An important part of Telstra’s clean-up strategy has been to replace hundreds of transactional supplier relationships with a handful of trusted partners that deliver business outcomes.

For example, the operator has gone from 400 software system integration partners down to two: Cognitive and Infosys.

It has also reduced its number of data platforms from 80 to less than 20, with a plan this year to move to 16 platforms, before a further drop to just three.

This reduction helps Telstra retain a close grip on data ownership. “I think about data ownership now in the same way as I think about obligations: It’s very critical,” explains Andersen. “We don’t expose it. We don’t give the data to the application of software providers. We don’t give it down to the hyperscalers. They do the computing and storage. But we own the data.”

In addition, in 2025 Accenture and Telstra announced a seven-year joint venture (60% owned by Accenture and 40% by Telstra) to help deliver the telco’s data and AI strategy.

One of their developments to date is an AI refinery. This helps Telstra identify the best LLM for specific use cases and where to deploy agents as well as helping control run costs.

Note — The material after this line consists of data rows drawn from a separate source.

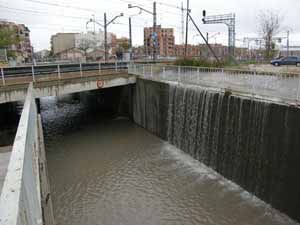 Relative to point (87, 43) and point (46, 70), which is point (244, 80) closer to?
point (46, 70)

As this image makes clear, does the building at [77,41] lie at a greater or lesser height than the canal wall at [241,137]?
greater

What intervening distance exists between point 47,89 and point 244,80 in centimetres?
1071

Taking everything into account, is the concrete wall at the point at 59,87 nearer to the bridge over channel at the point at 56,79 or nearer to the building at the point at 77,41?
the bridge over channel at the point at 56,79

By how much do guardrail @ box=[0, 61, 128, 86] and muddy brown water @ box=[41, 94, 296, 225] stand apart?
4.16m

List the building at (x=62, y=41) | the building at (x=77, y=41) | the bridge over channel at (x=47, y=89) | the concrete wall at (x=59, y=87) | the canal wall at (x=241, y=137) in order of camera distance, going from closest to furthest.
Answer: the bridge over channel at (x=47, y=89)
the canal wall at (x=241, y=137)
the concrete wall at (x=59, y=87)
the building at (x=77, y=41)
the building at (x=62, y=41)

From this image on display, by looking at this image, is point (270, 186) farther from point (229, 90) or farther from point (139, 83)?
point (139, 83)

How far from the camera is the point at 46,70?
57.6 feet

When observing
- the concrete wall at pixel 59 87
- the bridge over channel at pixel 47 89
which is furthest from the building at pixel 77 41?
the bridge over channel at pixel 47 89

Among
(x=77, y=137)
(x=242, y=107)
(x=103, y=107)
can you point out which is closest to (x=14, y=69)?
(x=77, y=137)

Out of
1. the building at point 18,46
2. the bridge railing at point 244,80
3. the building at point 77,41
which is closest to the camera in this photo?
the bridge railing at point 244,80

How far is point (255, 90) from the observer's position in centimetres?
1040

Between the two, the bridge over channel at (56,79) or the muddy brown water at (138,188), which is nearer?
the muddy brown water at (138,188)

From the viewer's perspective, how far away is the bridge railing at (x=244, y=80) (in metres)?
9.00

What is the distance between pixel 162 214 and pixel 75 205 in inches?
124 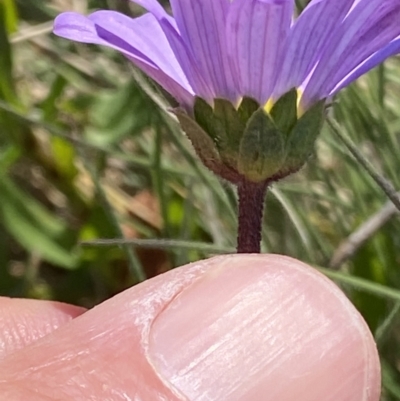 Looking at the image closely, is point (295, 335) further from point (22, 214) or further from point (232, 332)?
point (22, 214)

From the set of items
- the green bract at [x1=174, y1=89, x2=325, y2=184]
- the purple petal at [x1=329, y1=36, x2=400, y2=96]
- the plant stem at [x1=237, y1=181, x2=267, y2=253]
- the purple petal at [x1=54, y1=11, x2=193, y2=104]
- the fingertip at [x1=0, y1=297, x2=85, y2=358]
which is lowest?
the fingertip at [x1=0, y1=297, x2=85, y2=358]

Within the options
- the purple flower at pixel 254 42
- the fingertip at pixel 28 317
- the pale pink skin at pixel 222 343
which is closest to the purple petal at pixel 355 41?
the purple flower at pixel 254 42

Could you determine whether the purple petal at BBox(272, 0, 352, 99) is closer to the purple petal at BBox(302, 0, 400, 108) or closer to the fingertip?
the purple petal at BBox(302, 0, 400, 108)

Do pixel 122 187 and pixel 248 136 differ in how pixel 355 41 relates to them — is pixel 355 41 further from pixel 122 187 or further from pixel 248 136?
pixel 122 187

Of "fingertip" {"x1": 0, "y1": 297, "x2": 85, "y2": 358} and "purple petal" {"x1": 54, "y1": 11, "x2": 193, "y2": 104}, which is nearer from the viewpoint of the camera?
"purple petal" {"x1": 54, "y1": 11, "x2": 193, "y2": 104}

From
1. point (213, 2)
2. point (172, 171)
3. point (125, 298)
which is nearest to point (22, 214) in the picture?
point (172, 171)

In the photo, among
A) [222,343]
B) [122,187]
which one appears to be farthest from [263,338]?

Laying the foundation to scale

As with other telcos, it is still early days for deployment of AI agents within Telstra, where they are so far helping in call centers, with software development and in reinventing B2B sales processes.

Andersen, who is co-chair of TM Forum’s Autonomous Network Mission Board, describes agents as “a massive, massive opportunity”, including within autonomous network operations.

Yet he also cautions that telcos need to be disciplined in laying the right foundations for AN networks, warning that the industry risks deploying AN in a way that is too use-case based and fragmented.

“We need to be very clear about what we need to get in place on each layer in our network to ensure that we can actually get to that autonomy at scale and not only in pockets,” Anderson says.

Indeed, Telstra wants to reach Level 4 AN “as fast as possible because when you get to Level 4, you get the basics in place. And then from there, you can actually start being specific on use cases,” advises Andersen.

“I would prioritize getting the fundamentals in place first, because we can see that now in our IT and software stack, in our data and AI, if you get these fundamentals in place, you can scale, not only faster, but also more sustainably.”